Medicare 101: the basics

By Nancy B. O’Connor

People often confuse Medicare with Medicaid – two programs which sound very much alike, and which often serve the same people, but are different. So what is Medicare?

Medicare is health insurance for people ages 65 and older, and for people under age 65 with certain disabilities or health conditions. In short, eligibility for Medicare is based on age, and/or certain health conditions.

Medicaid helps pay medical costs for persons of any age who have limited income and resources. Medicaid is funded jointly by the federal and state governments, but is administered by the state, which determines eligibility based on the income and resources limits it sets. A person who is eligible for Medicare may also be eligible for Medicaid, based on income. 

Medicare has four main parts, Parts A, B, C and D. Each part covers specific services and benefits, or provides different options for coverage. Here is a brief summary of the Medicare “alphabet soup”:

• Part A (hospital insurance) helps cover inpatient care in hospitals, skilled nursing facilities, hospice and home health care. 

• Part B (medical insurance) helps cover services from doctors and other providers, outpatient care, home health care, durable medical equipment and some preventive services.

• Part C (Medicare advantage) is run by Medicare-approved private insurers, and includes all benefits and services covered under Parts A and B, and usually Part D; it may also include extra benefits at additional cost.

• Part D (prescription drug coverage) is run by Medicare-approved private insurers and helps cover the cost of prescription drugs.

As with most health insurance, there are monthly premiums, annual deductibles and copayments or co-insurance associated with Medicare. Medicare Part A is premium-free if you have worked and paid taxes for at least 40 quarters (the equivalent of 10 years), but you are responsible for meeting  a  deductible for each benefit period, $1,184 in 2013, and paying co-insurance for Medicare-covered care. A benefit period begins the day you are admitted as an inpatient and ends when you haven’t received any inpatient care for 60 day in a row.

For Part B, the monthly premium for 2013 for most beneficiaries is $104.90, the annual deductible is $147 and you generally pay 20 percent of Medicare-covered services. For Parts C and D, in addition to paying the monthly Part B premium, you also pay monthly premiums in addition to deductibles and co-insurance, all of which vary by plan.

You become eligible for Medicare upon reaching age 65, or, if you are under age 65 and disabled, you become eligible 24 months after you start receiving Social Security Disability Insurance (SSDI), or certain disability benefits from the Railroad Retirement Board (RRB). Also, if you have End State Renal Disease (ESRD) or ALS (Lou Gehrig’s disease), you become eligible the month your disability benefits begin.

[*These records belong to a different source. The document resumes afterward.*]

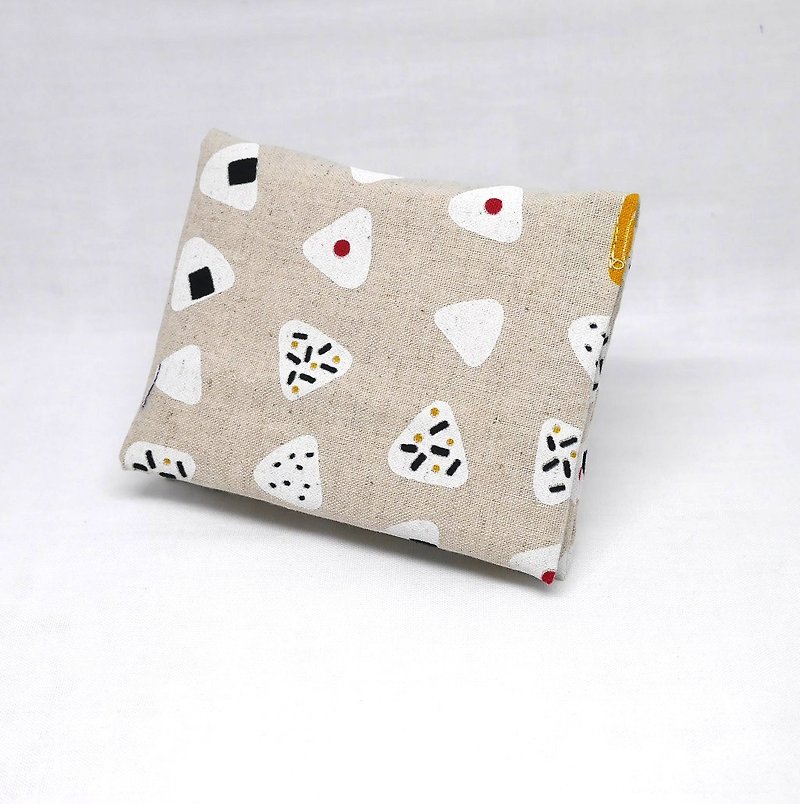 Japanese Handmade Sanitary napkins Bag - กระเป๋าเครื่องสำอาง - ผ้าฝ้าย/ผ้าลินิน ขาว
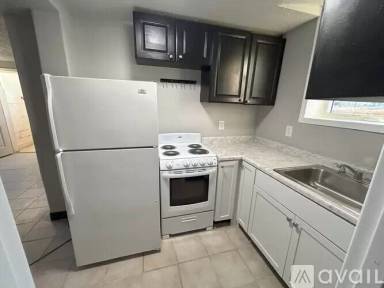 Main picture of 613 N Franklin Ave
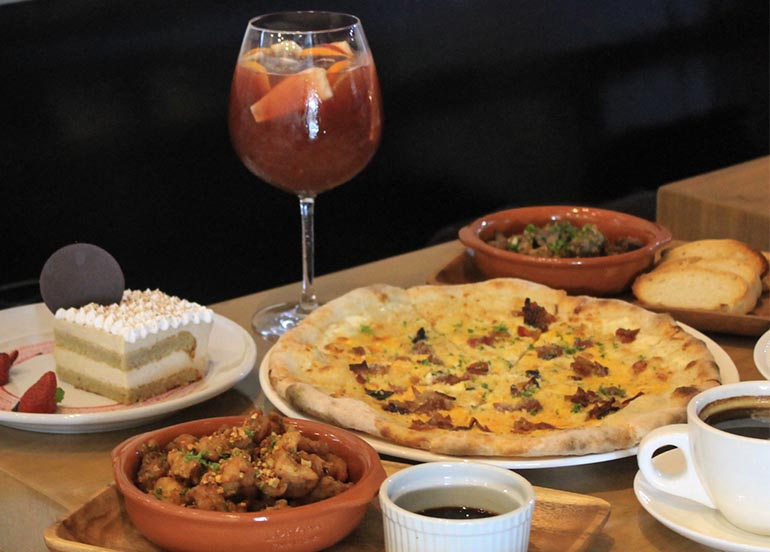 grape-escape-sangria-with-pizza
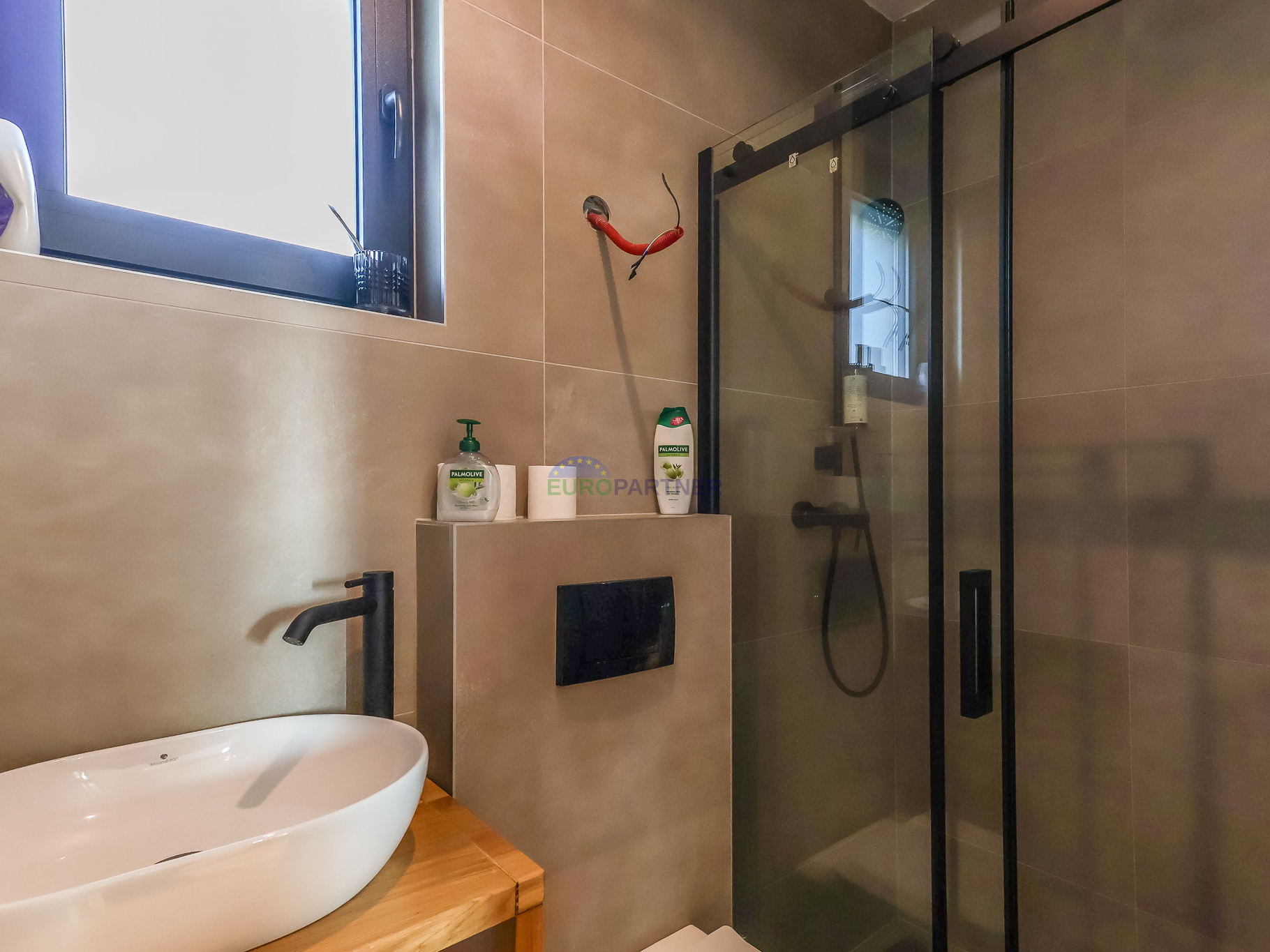 Novogradnja modernog dizajna 5km od Poreča, Istra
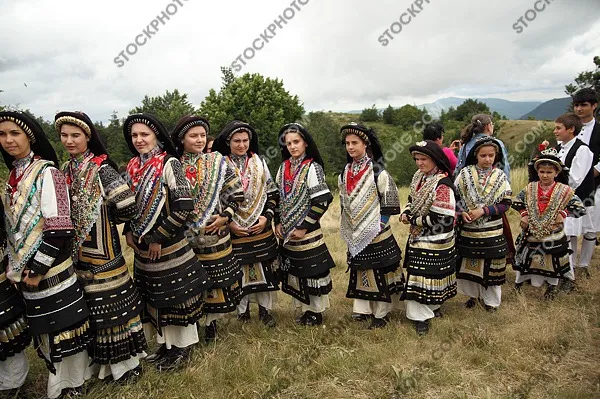 Каракачани в традиционни народни носии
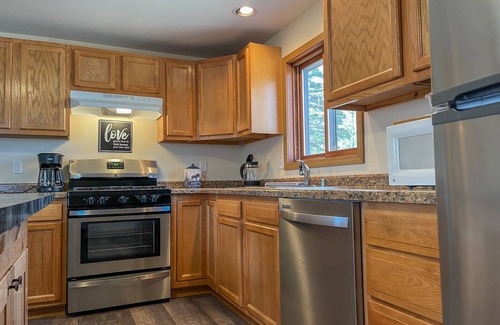 Tofte House | Get cozy in this quaint, cozy cottage in the woods!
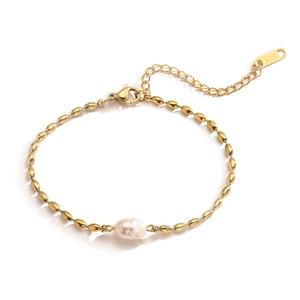 Detailed close-up of 18K gold plated pearl bracelet with lobster clasp and K18 tag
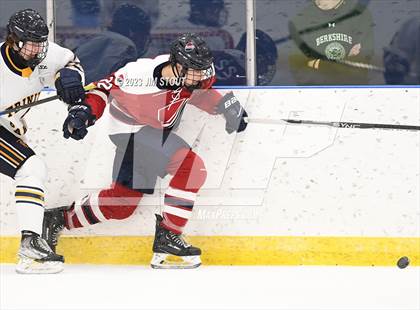 Thumbnail 1 in Trinity-Pawling vs. Dexter Southfield (Lawrence Piatelli Jamboree) photogallery.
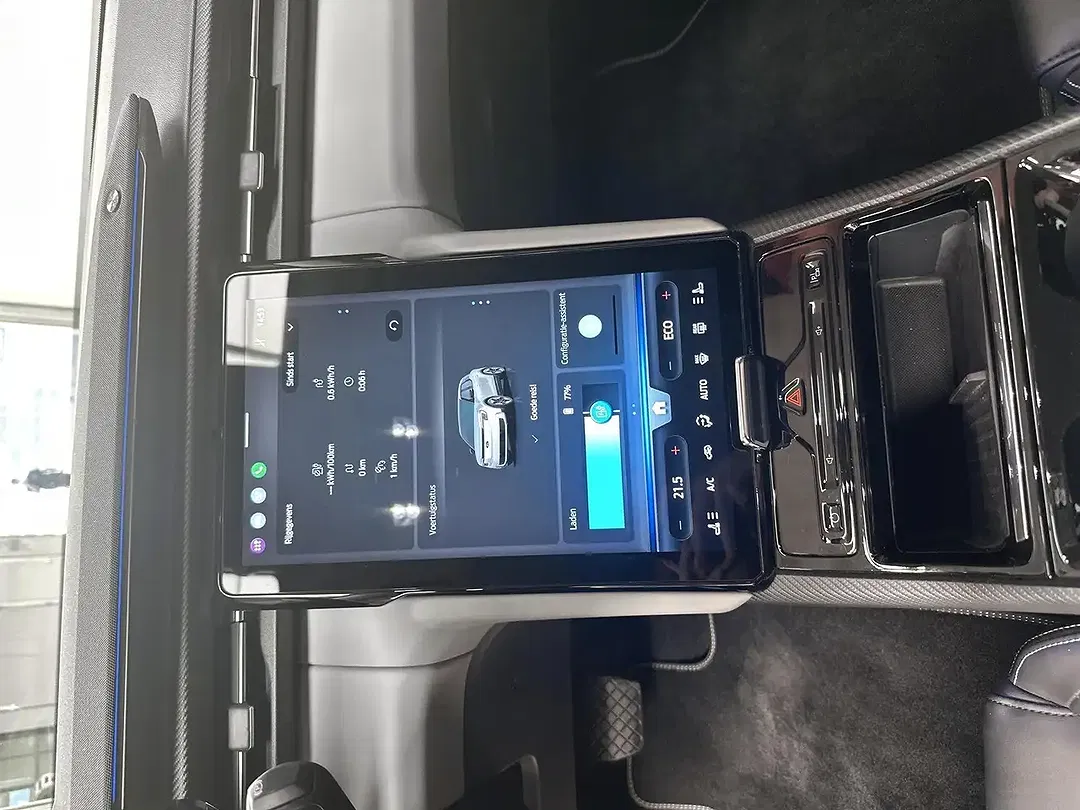 Ford Explorer - Thumbnail 14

There is a lot to know and think about when it comes to Medicare, and how to make the most of its many benefits. Fortunately, there is a lot of good information and help available at your fingertips and in your community. Resources include the “Medicare & You” handbook, mailed to all Medicare beneficiaries; the Medicare website (medicare.gov); 800-MEDICARE (800-633-4227; for TTY users, 877-486-2048); the Social Security website (socialsecurity.gov), and toll-free number (800-772-1213; TTY users call 800-325-0778). In addition, VICAP, the Virginia State Health Insurance Program, can provide personalized help in your community; in Virginia, you can call 800-552-3402 to get the help you need.

Nancy B. O’Connor is the Medicare regional administrator for Delaware, Maryland, Pennsylvania, Virginia, West Virginia and the District of Columbia.